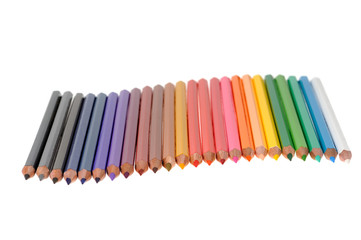  multicolored pencils isolated on white background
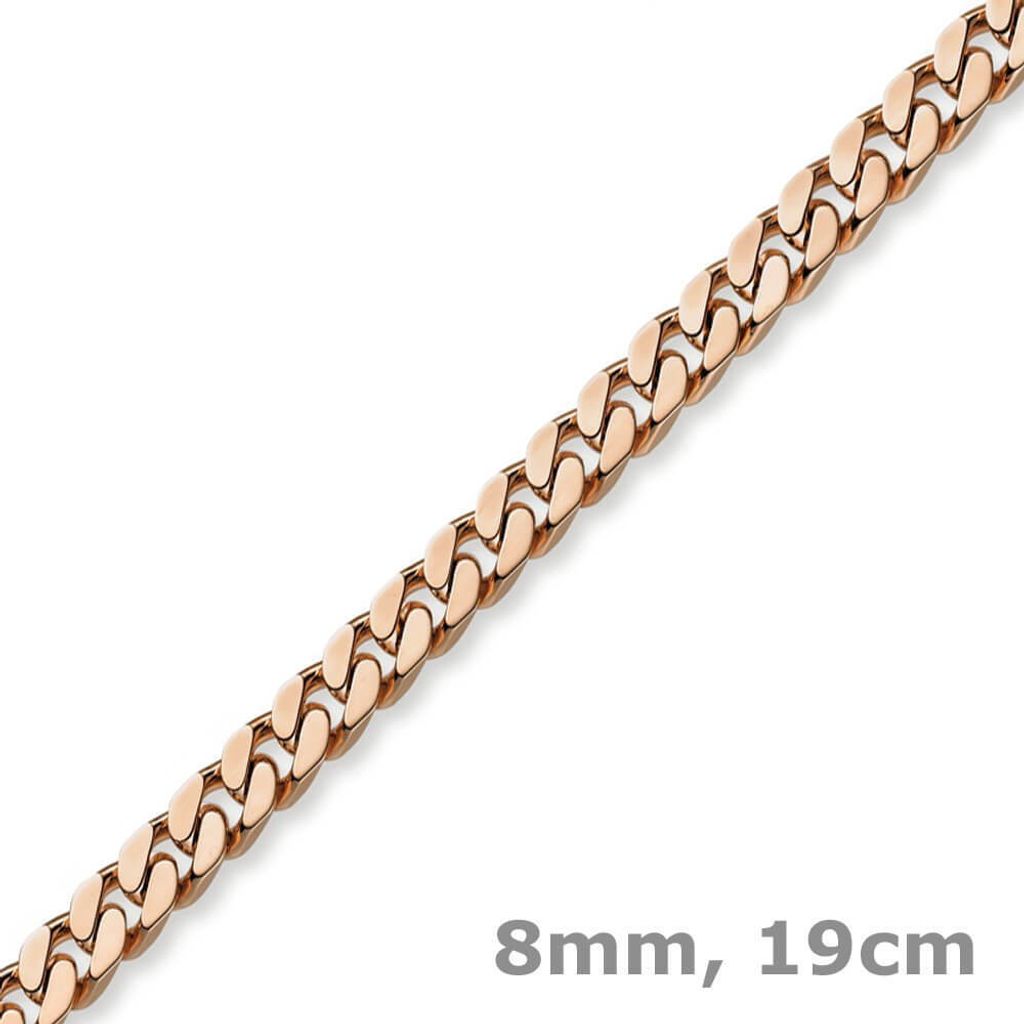 8mm Armband Armkette Panzerarmband aus 585 Gold Rotgold 19cm Herren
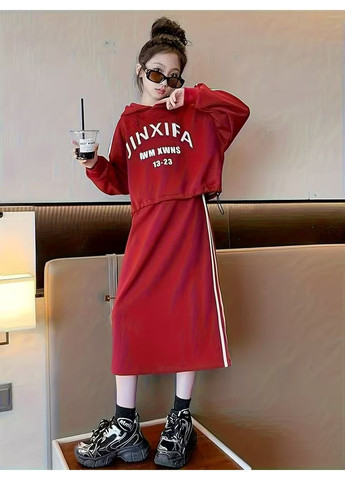 Спортивный костюм для девочки (худые + юбка) 12-14р (150-165см) красный No Brand (370090903)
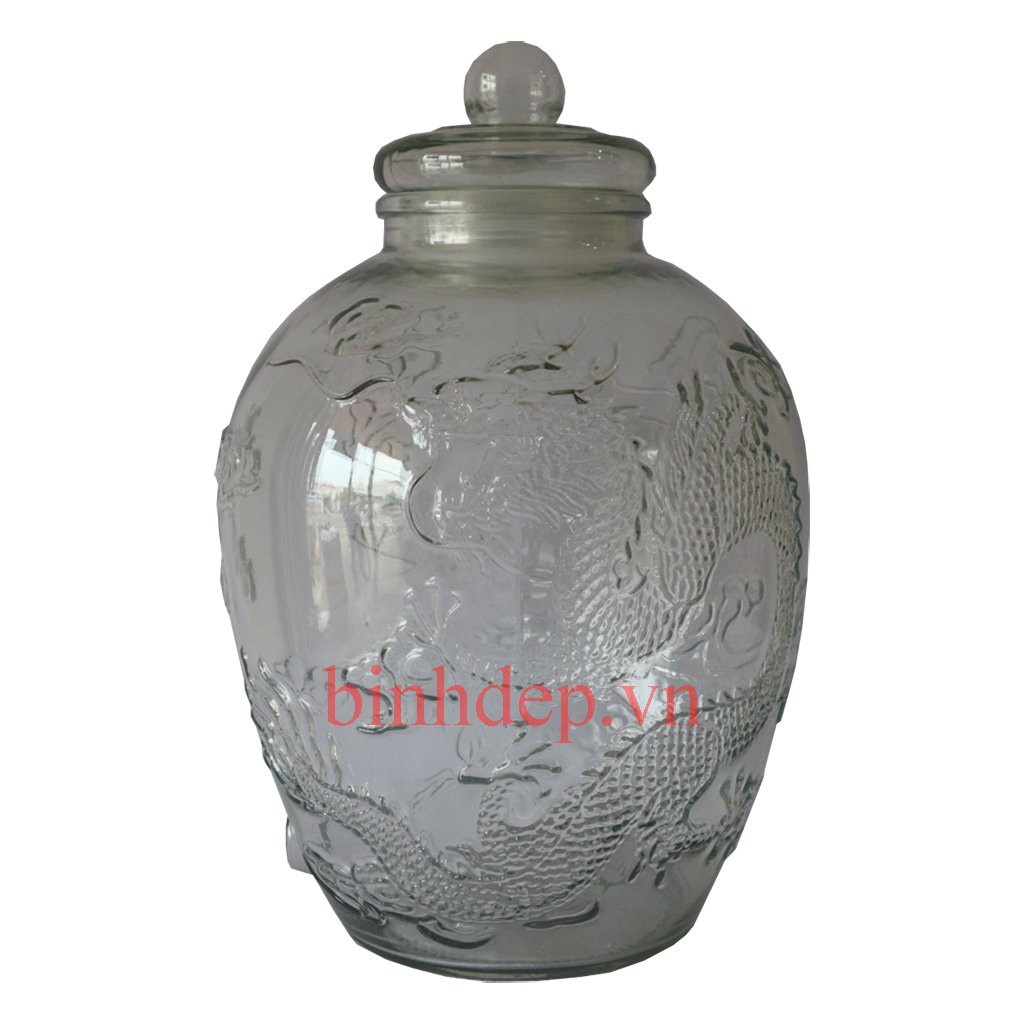 BÌNH NGÂM RƯỢU THUỶ TINH LONG PHỤNG 30L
============
» TASK: From the first line to the last, retype the data above exactly, but not its images.

» OUTPUT:
  multicolored pencils isolated on white background
 8mm Armband Armkette Panzerarmband aus 585 Gold Rotgold 19cm Herren
 Спортивный костюм для девочки (худые + юбка) 12-14р (150-165см) красный No Brand (370090903)
 BÌNH NGÂM RƯỢU THUỶ TINH LONG PHỤNG 30L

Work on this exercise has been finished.